Instructions for the task — Quote exactly the lines from the one with "this what happens" to the end of the data, both included; omit the pictures.

Provided records —
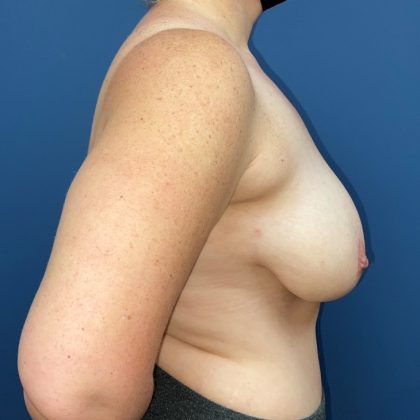 Breast Reduction Before & After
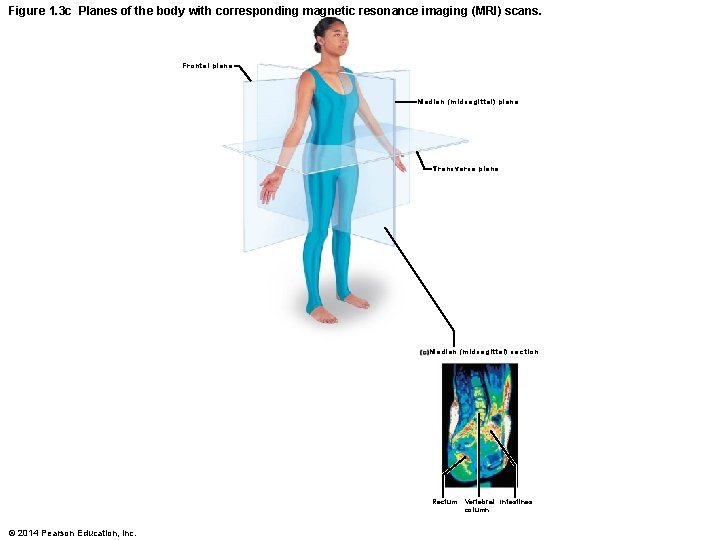 Figure 1. 3 c Planes of the body with corresponding magnetic resonance imaging (MRI)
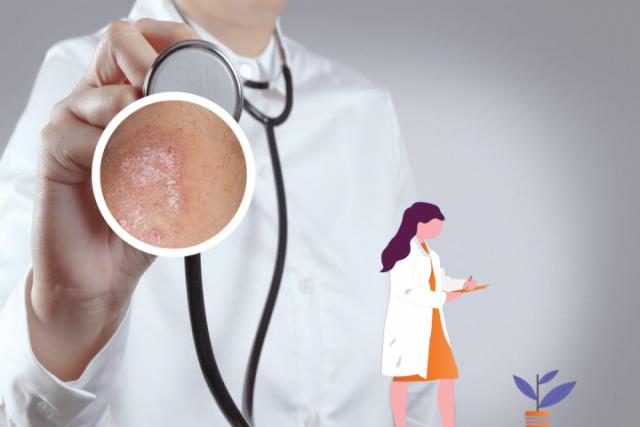 湿疹是什么原因造成的呢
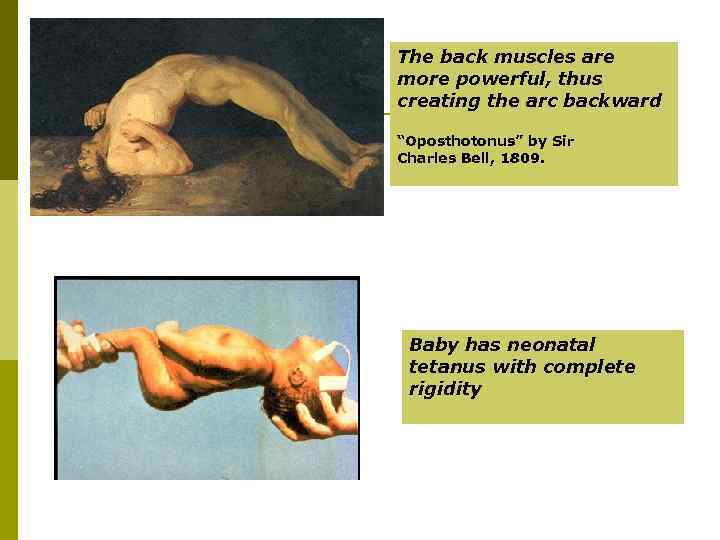 The back muscles are more powerful, thus creating the arc backward “Oposthotonus” by Sir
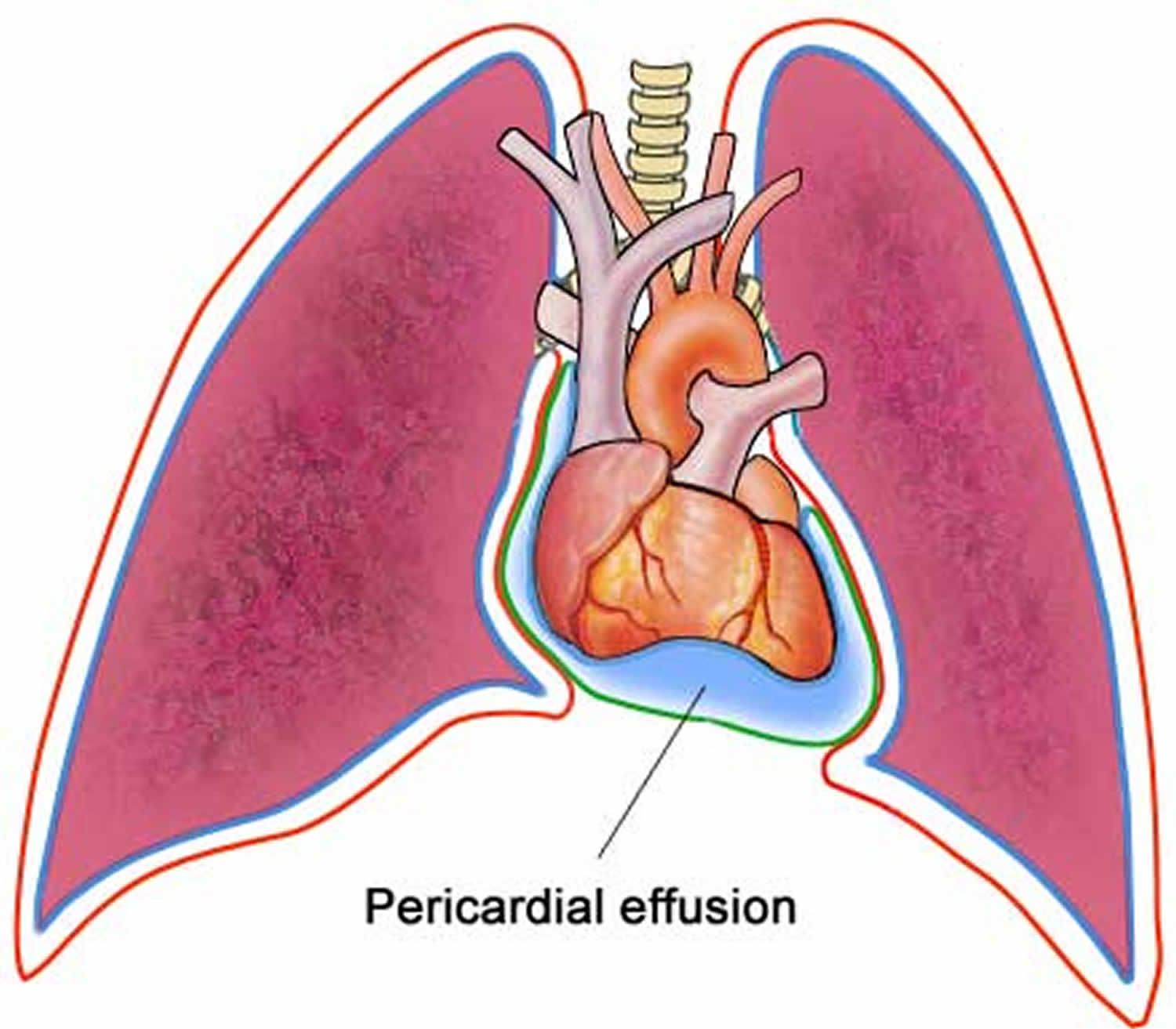 pericardial effusion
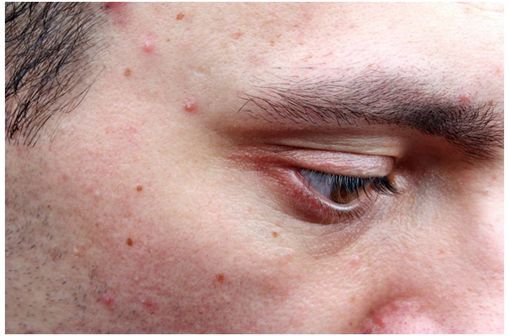 Le plus souvent primitive, l'acné marquerait l'adolescence de 85 % des gens, toutes ethnies confondues.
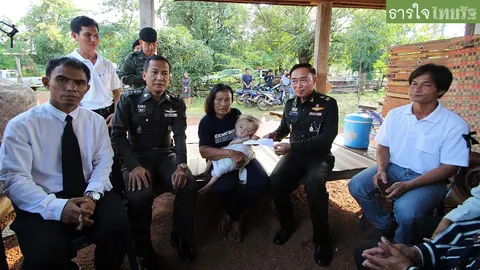 ช่วยเด็กป่วยหัวโต "ถวายพ่อหลวง"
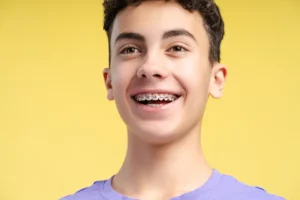 Braces Best Time for Kids: When to Start and Why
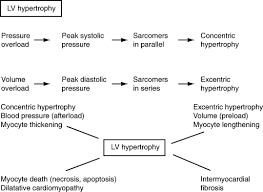 Congestive kidney in heart failure osmotic concentration of urine is. Left Ventricular Hypertrophy In Renal Failure Kidney International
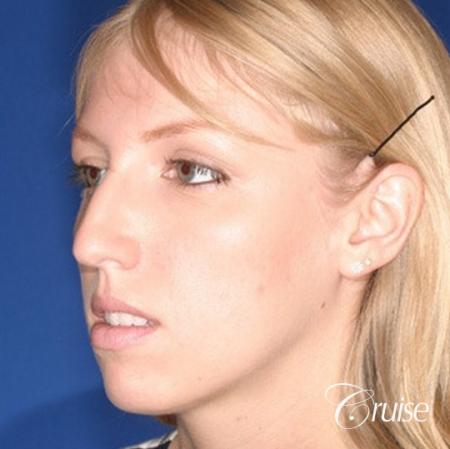 young female with large anatomic chin implant - Before Image 3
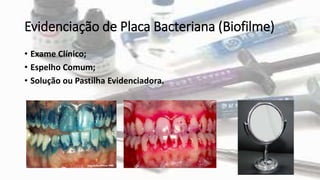 Evidenciação de Placa Bacteriana (Biofilme)
• Exame Clínico;
• Espelho Comum;
• Solução ou Pastilha Evidenciadora.
 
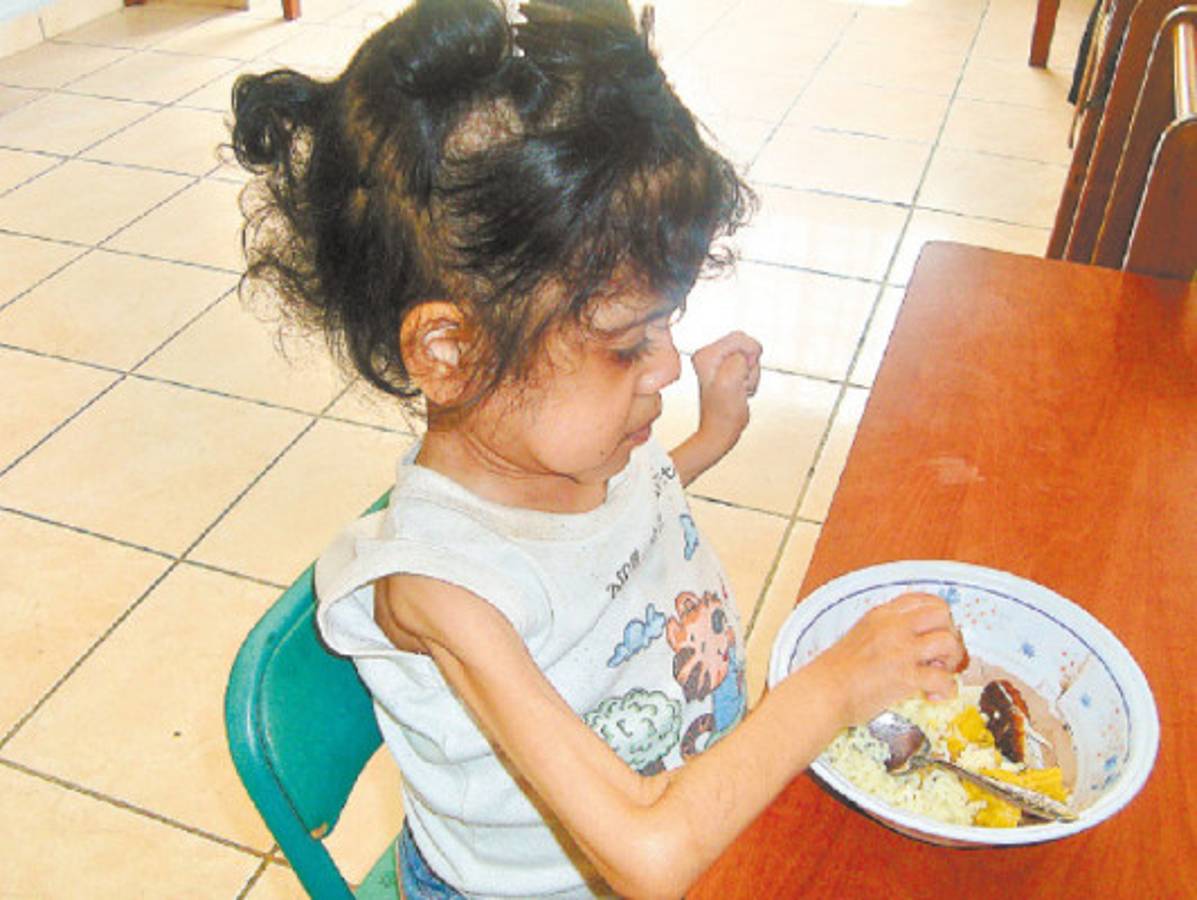 Niña hondureña de 15 años con desnutrición severa recibe ayuda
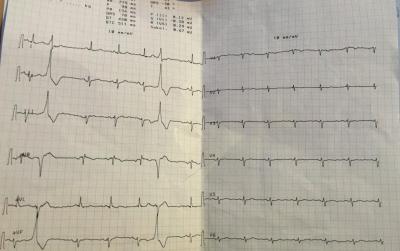 Elektrokardiyografi (EKG) Hizmeti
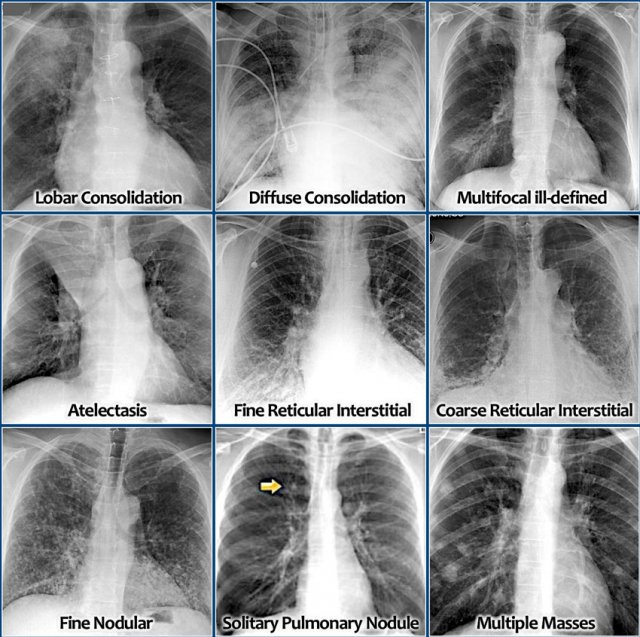 abnormal chest x ray images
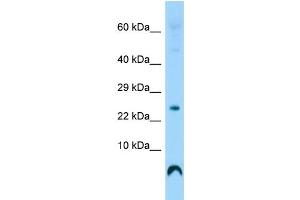 Host: Rabbit Target Name: C17orf108 Sample Type: Fetal Heart lysates Antibody Dilution: 1. (LYRM9 antibody  (Middle Region))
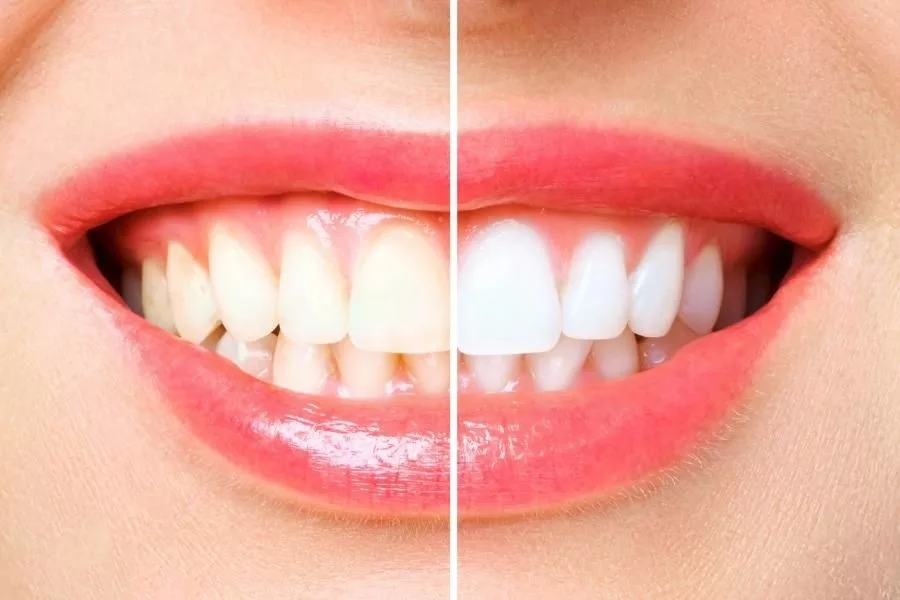 teeth whitening before and after 
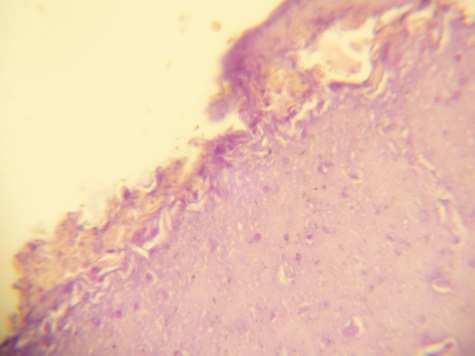 Fig. (1) Histopathological section of cerebrum of chickens in group(1) and in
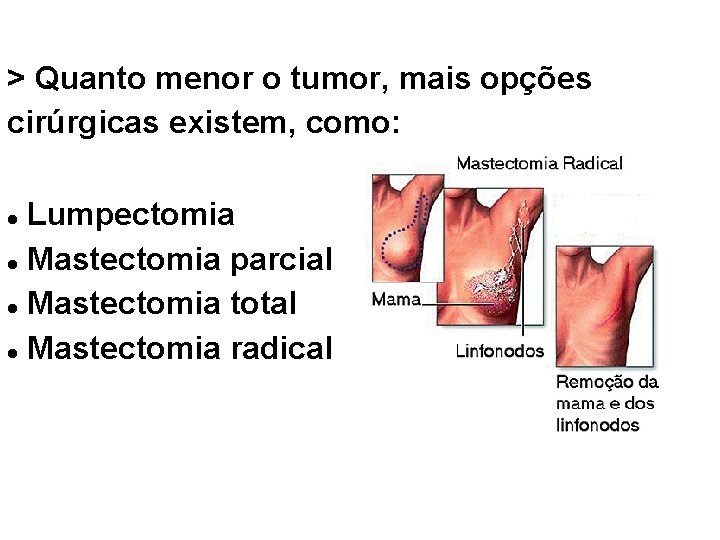 > Quanto menor o tumor, mais opções cirúrgicas existem, como: Lumpectomia Mastectomia parcial Mastectomia > Quanto menor o tumor, mais opções cirúrgicas existem, como: Lumpectomia Mastectomia parcial Mastectomia
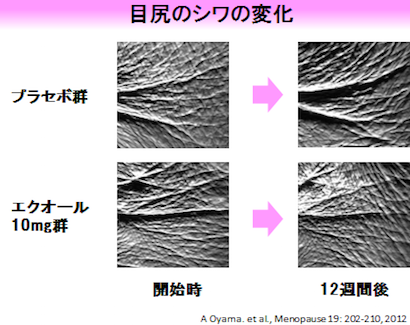 f:id:noon8:20160416112432p:plain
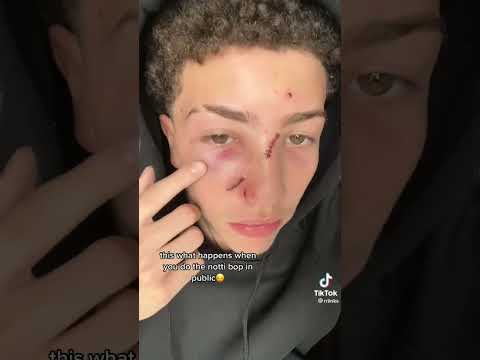 this what happens when you do the notti bop dance in public ⚠️😳🤯 #nottigang #shorts #ddosama #e4n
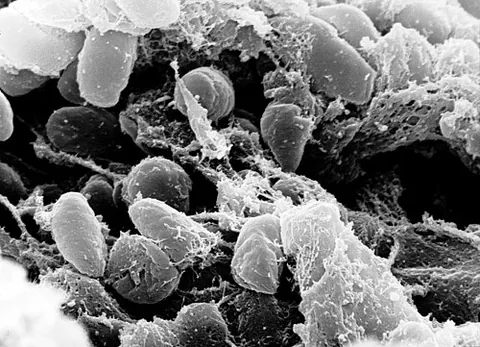 yersinia: a Gram-negative bacterium, of the genus Yersinia, that is an etiological agent of several diseases...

Answer to this problem —
 this what happens when you do the notti bop dance in public ⚠️😳🤯 #nottigang #shorts #ddosama #e4n
 yersinia: a Gram-negative bacterium, of the genus Yersinia, that is an etiological agent of several diseases...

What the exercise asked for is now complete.